▸ **EXERCISE INSTRUCTIONS**
Repeat only the lines below from the one containing "Ambulance coloring page" through the one containing "Panel Extension External", inclusive, exactly as written.

───

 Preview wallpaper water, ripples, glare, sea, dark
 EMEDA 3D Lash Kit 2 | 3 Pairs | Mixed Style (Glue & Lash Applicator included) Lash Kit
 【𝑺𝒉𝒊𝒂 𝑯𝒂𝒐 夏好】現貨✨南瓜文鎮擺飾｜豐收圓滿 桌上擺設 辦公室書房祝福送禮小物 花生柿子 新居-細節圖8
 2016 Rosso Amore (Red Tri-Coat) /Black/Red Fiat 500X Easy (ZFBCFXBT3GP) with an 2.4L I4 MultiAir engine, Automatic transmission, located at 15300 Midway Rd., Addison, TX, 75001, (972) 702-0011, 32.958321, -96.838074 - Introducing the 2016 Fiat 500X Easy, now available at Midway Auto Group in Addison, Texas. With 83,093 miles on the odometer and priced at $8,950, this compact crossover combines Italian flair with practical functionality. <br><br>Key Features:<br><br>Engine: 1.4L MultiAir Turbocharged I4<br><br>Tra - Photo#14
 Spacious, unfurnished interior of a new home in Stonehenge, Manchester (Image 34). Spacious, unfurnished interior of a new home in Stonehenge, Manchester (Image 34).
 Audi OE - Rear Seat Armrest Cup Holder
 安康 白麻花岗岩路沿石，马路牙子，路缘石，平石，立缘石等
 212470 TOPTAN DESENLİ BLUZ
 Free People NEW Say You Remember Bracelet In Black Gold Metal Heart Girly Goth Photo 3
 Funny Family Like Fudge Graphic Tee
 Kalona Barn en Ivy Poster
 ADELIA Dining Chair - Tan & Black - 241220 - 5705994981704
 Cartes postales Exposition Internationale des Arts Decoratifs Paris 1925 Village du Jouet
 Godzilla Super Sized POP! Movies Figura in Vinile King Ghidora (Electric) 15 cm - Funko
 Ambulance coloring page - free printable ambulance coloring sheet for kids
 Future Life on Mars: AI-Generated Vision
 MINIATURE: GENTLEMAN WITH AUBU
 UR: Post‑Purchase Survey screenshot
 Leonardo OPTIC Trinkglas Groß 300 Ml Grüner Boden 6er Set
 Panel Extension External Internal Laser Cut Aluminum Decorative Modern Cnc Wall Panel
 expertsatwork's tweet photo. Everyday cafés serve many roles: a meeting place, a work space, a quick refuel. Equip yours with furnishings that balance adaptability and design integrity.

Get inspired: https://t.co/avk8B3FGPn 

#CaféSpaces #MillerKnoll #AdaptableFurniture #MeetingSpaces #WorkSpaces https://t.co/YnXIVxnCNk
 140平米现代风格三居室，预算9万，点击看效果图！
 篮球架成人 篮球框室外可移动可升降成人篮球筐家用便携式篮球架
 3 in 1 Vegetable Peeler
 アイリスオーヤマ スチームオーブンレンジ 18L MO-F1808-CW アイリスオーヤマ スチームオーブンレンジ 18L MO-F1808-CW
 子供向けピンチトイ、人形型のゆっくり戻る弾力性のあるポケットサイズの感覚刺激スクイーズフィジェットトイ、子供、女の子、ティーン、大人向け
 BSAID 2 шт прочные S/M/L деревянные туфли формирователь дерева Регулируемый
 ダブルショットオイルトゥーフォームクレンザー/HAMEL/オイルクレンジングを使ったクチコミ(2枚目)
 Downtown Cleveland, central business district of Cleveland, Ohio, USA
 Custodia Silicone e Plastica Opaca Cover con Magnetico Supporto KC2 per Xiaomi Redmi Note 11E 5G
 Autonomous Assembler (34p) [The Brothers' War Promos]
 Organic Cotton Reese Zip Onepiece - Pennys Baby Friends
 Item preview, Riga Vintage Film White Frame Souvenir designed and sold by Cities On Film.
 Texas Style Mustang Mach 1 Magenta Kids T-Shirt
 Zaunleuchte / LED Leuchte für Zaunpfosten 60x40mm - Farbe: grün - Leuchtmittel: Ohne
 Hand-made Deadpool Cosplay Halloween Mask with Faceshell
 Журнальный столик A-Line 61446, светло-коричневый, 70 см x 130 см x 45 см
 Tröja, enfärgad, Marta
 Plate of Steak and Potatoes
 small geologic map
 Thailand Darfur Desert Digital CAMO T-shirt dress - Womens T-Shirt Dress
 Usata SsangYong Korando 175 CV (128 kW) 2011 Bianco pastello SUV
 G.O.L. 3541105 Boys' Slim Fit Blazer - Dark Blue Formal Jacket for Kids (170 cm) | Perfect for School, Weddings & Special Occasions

───

▸ **ANSWER TO THE EXERCISE**
 Ambulance coloring page - free printable ambulance coloring sheet for kids
 Future Life on Mars: AI-Generated Vision
 MINIATURE: GENTLEMAN WITH AUBU
 UR: Post‑Purchase Survey screenshot
 Leonardo OPTIC Trinkglas Groß 300 Ml Grüner Boden 6er Set
 Panel Extension External Internal Laser Cut Aluminum Decorative Modern Cnc Wall Panel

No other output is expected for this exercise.